▶ EXERCISE GOAL:
Work through the listing below and give again exactly the lines from the one with "890 Sloat Drive" to the one with "Beige bikini set", both ends included. All other lines and all pictures stay out.
DATA PROVIDED START
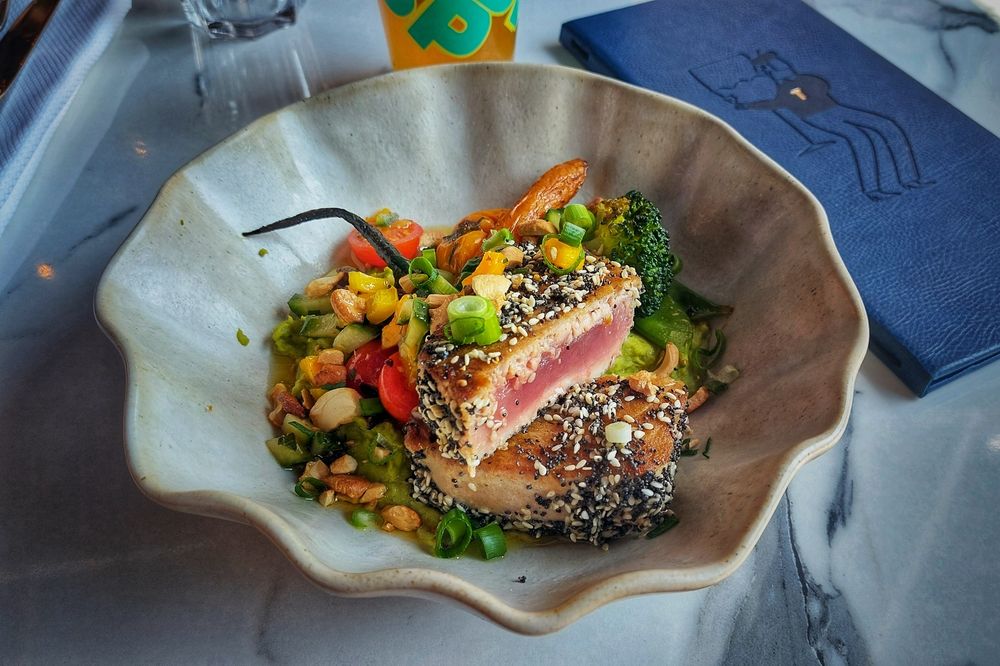 Mi-cuit de thon pané au sésame, purée de petit pois wasabi, sauce vierge méditerranéenne, carottes fanes & asperges, noix de cajou, herbes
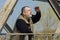 bearded Ukrainian  senior man standing on an metal pedestrian bridge and looking out  at the distance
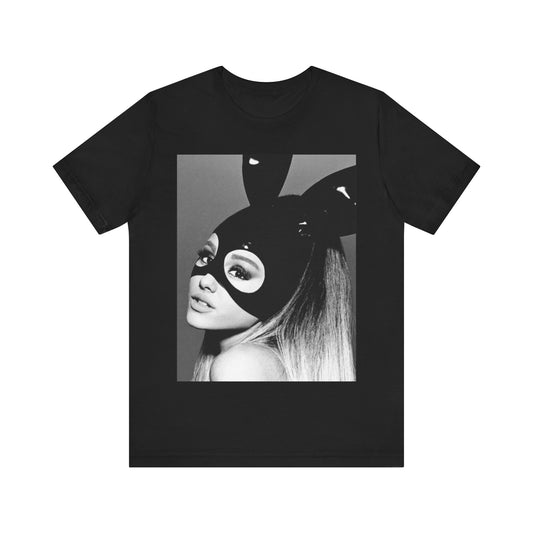 A black graphic t-shirt featuring a black and white graphic inspired by Ariana Grande's 'Dangerous Woman' album or era, possibly with her iconic mask or pose.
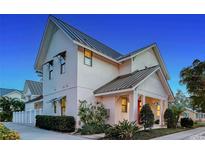 Charming two-story home featuring a modern architectural design, metal roof, and well-manicured landscaping at 515 S Osprey Ave, Sarasota, FL 34236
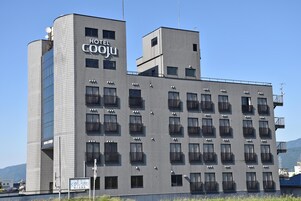 Um hotel moderno com vários andares, varandas e céu claro.
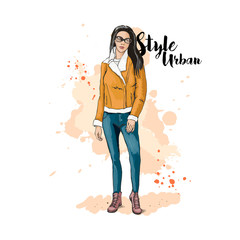 Urban style. Fashionable bow. Clothing for the street. The winter version. Hand drawn sketch. Stylish young woman in cropped sheepskin coat and jeans. Vector illustration.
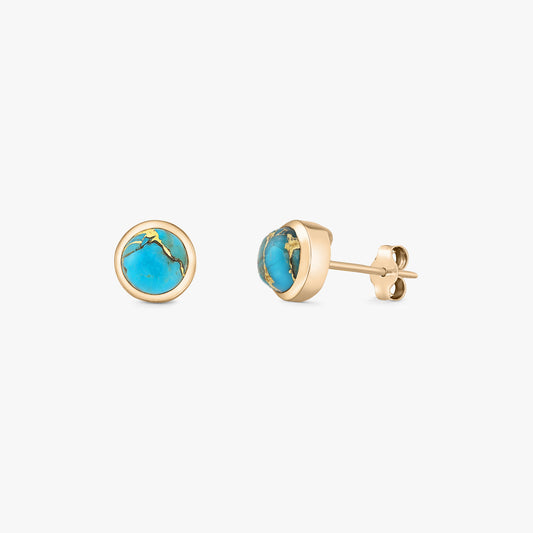 Paire de puces d'oreilles à cabochons ronds en turquoise, en argent 925 plaqué or, avec sertis clos et attaches papillon, sur fond blanc.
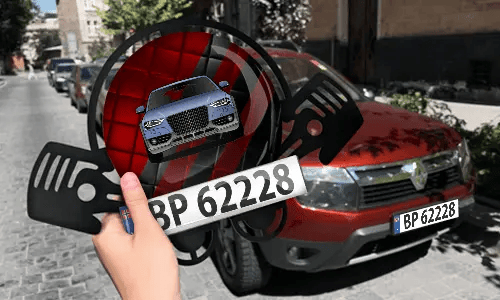 Autoschlüsselanhänger in der Hand mit dem Kennzeichen auto schlüsselanhänger gravur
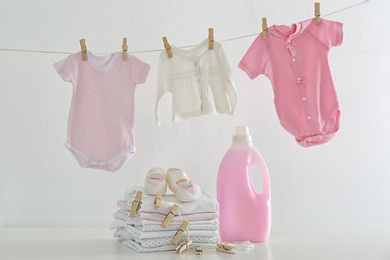 Fresh baby laundry hanging on clothesline and bottle of detergent on white background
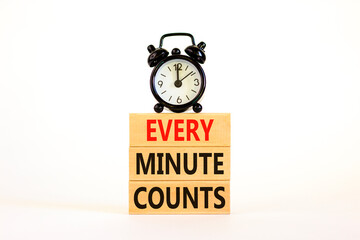 Every minute counts symbol. Concept words Every minute counts on wooden blocks on a beautiful white table white background. Black alarm clock. Business, motivational and every minute counts concept.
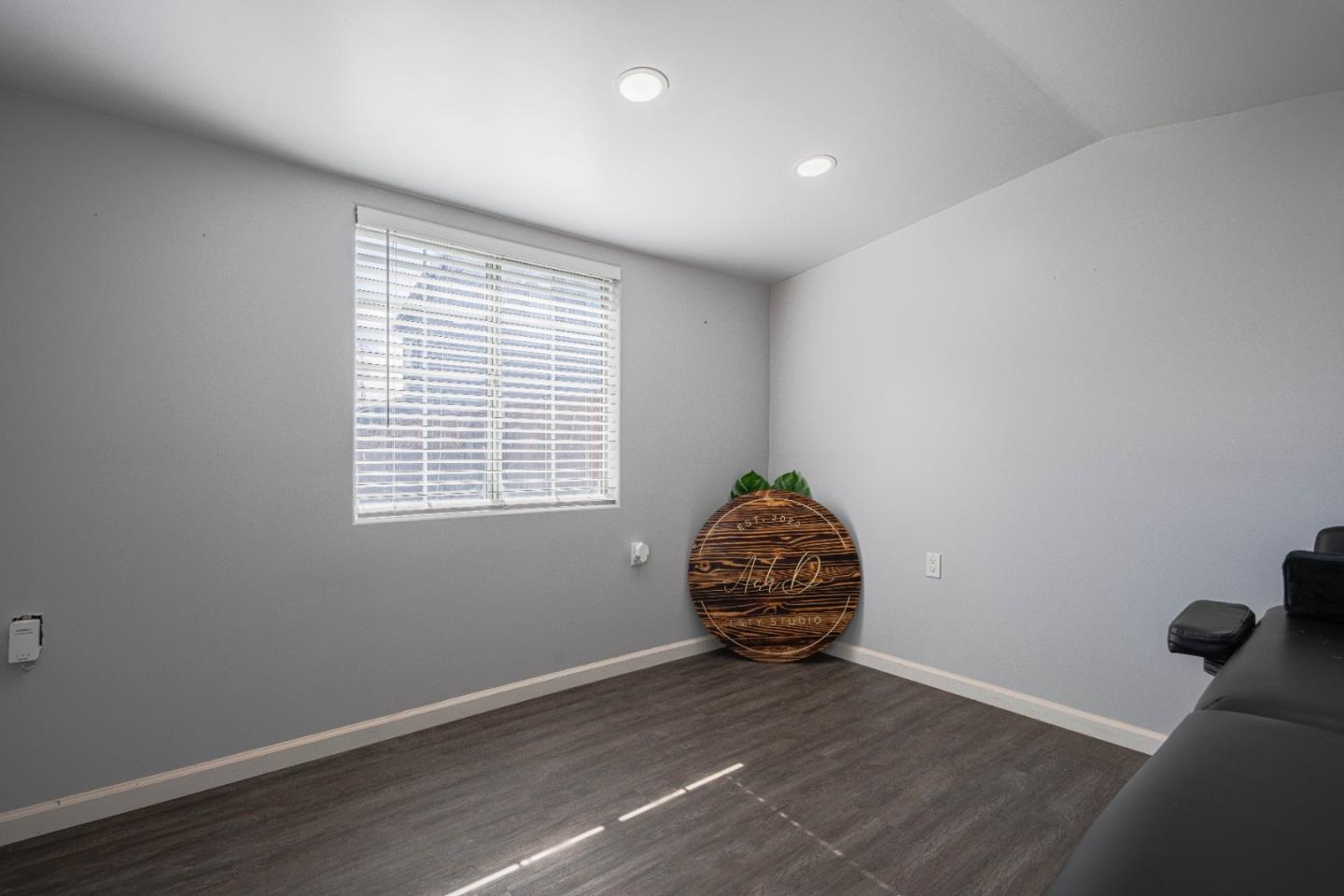 890 Sloat Drive Salinas, CA 93907 - Photo 34 of 37 an empty room with wooden floor and windows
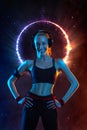 Strong athletic fit woman on black with neon lights background wearing in the sportswear. Fitness and sport motivation. Royalty Free Stock Photo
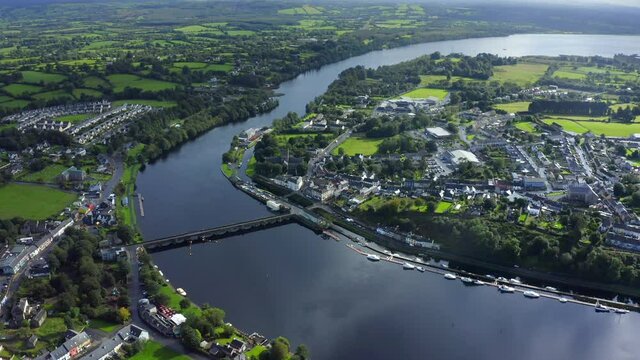 Killaloe, County Clare, Ireland, September 2021. Drone gradually descends towards the town while looking south towards Saint Flannan's Cathedral.
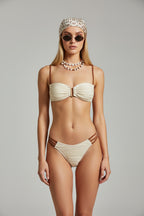 Beige bikini set with brown straps on a textured surface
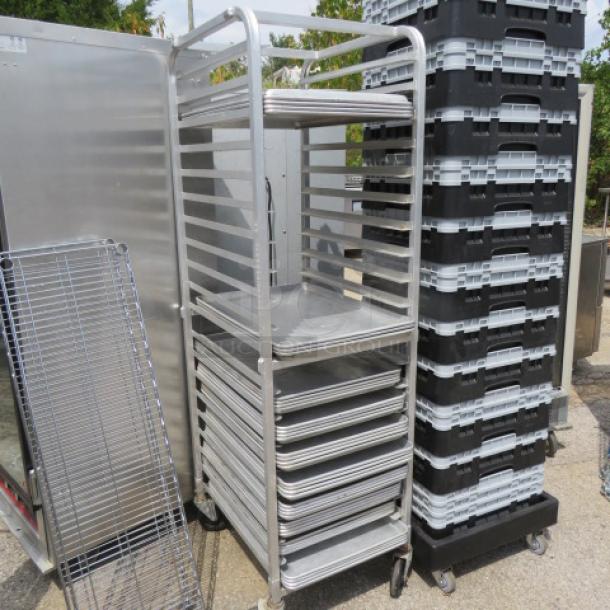Aluminum speed rack on casters, 20.5x26x69 inches, no pans included, used condition. Suitable for commercial kitchens.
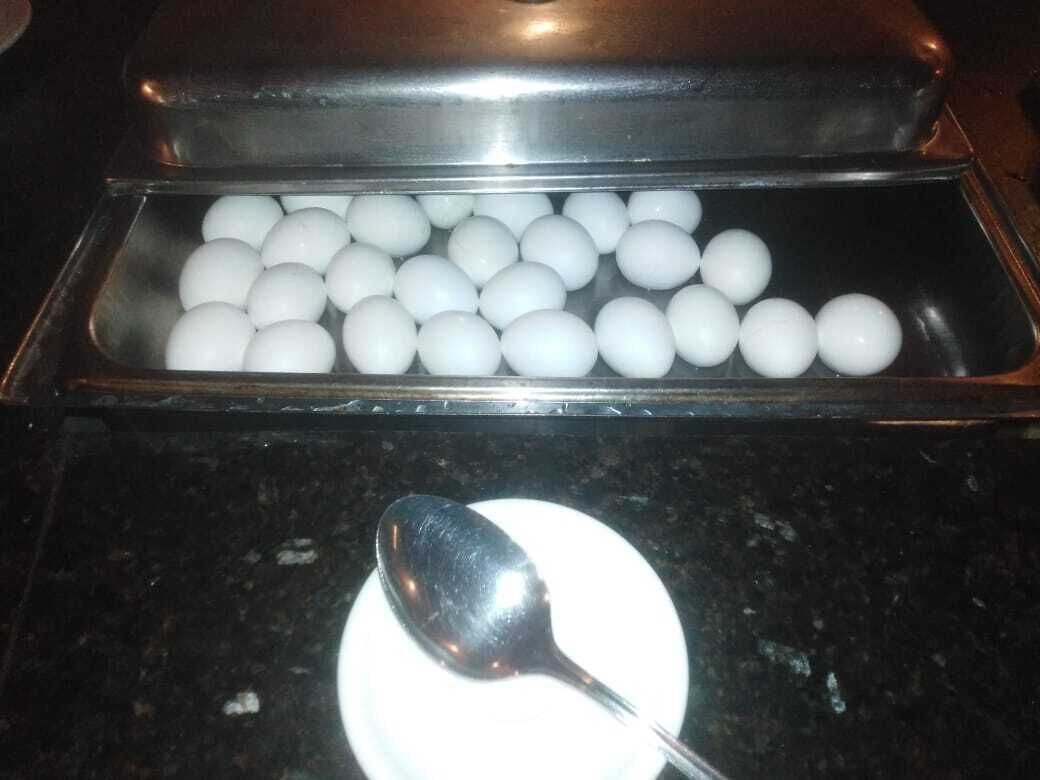 A tray of white spherical objects, possibly food items, on a countertop with a spoon beside them.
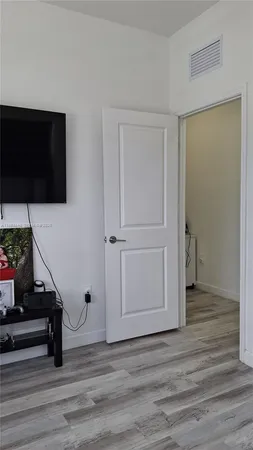 a view of a livingroom with wooden floor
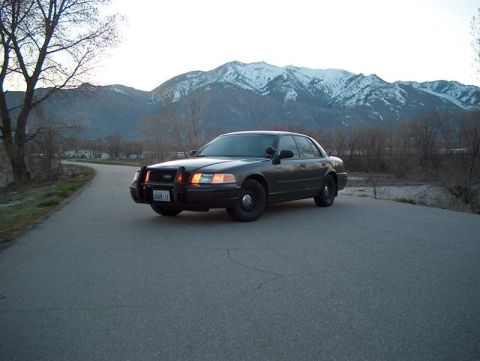 2001 Ford Crown Victoria - A Ford Crown Victoria police car is parked on a road with mountains behind it.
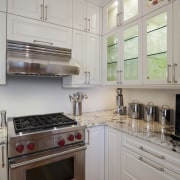 Full-height wraparound cabinets help this compact kitchen deliver cabinetry, countertop, cuisine classique, home appliance, interior design, kitchen, kitchen appliance, kitchen stove, major appliance, oven, room, gray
DATA PROVIDED END
▶ ANSWER AREA:
 890 Sloat Drive Salinas, CA 93907 - Photo 34 of 37 an empty room with wooden floor and windows
 Strong athletic fit woman on black with neon lights background wearing in the sportswear. Fitness and sport motivation. Royalty Free Stock Photo
 Killaloe, County Clare, Ireland, September 2021. Drone gradually descends towards the town while looking south towards Saint Flannan's Cathedral.
 Beige bikini set with brown straps on a textured surface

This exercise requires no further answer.